What the exercise asks
Scan the listing below. Copy each line that contains "Platinum".

Material supplied
-.-.-
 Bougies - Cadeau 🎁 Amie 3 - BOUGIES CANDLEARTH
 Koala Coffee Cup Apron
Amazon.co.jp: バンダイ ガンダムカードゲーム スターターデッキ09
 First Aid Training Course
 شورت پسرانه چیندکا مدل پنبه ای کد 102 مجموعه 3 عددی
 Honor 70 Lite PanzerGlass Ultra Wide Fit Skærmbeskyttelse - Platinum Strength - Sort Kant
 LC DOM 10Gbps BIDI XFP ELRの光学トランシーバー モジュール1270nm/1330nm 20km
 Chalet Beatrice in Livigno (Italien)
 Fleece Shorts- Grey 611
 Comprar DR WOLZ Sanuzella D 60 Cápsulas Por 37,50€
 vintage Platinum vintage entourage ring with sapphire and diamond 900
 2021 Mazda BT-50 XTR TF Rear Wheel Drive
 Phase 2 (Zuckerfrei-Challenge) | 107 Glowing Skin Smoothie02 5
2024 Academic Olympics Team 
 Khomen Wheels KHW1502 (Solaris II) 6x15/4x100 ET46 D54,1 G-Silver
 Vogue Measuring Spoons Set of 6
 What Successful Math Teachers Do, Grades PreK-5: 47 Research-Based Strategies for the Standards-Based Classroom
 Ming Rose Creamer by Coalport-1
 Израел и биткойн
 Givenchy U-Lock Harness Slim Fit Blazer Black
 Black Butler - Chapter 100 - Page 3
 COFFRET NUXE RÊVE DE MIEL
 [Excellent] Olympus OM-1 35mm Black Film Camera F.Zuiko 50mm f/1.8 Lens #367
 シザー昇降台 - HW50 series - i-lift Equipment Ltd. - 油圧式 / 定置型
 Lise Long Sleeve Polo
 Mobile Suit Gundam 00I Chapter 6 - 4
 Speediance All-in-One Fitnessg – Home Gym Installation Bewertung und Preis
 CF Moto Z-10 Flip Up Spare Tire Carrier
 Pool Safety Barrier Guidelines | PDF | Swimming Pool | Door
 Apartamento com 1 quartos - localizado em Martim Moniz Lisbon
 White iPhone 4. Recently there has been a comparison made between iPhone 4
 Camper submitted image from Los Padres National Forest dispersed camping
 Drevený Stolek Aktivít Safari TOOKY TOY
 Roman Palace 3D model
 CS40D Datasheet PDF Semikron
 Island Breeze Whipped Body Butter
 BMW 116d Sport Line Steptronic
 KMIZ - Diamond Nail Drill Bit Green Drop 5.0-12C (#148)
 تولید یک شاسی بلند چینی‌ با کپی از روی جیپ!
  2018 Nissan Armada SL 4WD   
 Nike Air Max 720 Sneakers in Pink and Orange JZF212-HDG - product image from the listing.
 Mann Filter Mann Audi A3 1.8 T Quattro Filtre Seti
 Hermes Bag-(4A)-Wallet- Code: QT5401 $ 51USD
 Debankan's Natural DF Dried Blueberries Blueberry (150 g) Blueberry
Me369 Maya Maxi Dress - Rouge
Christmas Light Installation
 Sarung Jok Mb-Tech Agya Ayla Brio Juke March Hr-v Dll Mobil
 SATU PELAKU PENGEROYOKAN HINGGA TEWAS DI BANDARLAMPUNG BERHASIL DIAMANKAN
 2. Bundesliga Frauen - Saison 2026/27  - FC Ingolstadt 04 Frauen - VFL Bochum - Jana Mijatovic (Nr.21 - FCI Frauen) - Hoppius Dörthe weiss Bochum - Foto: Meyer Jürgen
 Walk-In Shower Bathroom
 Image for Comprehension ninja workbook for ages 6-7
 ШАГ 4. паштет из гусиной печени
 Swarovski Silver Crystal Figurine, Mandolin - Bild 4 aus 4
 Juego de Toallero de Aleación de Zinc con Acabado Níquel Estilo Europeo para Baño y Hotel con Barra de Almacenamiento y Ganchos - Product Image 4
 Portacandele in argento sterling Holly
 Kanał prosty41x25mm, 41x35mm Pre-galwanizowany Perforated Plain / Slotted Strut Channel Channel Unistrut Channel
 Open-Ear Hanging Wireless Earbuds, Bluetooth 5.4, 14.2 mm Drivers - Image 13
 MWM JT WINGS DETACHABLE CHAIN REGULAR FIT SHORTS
-.-.-
Answer space
 Honor 70 Lite PanzerGlass Ultra Wide Fit Skærmbeskyttelse - Platinum Strength - Sort Kant
 vintage Platinum vintage entourage ring with sapphire and diamond 900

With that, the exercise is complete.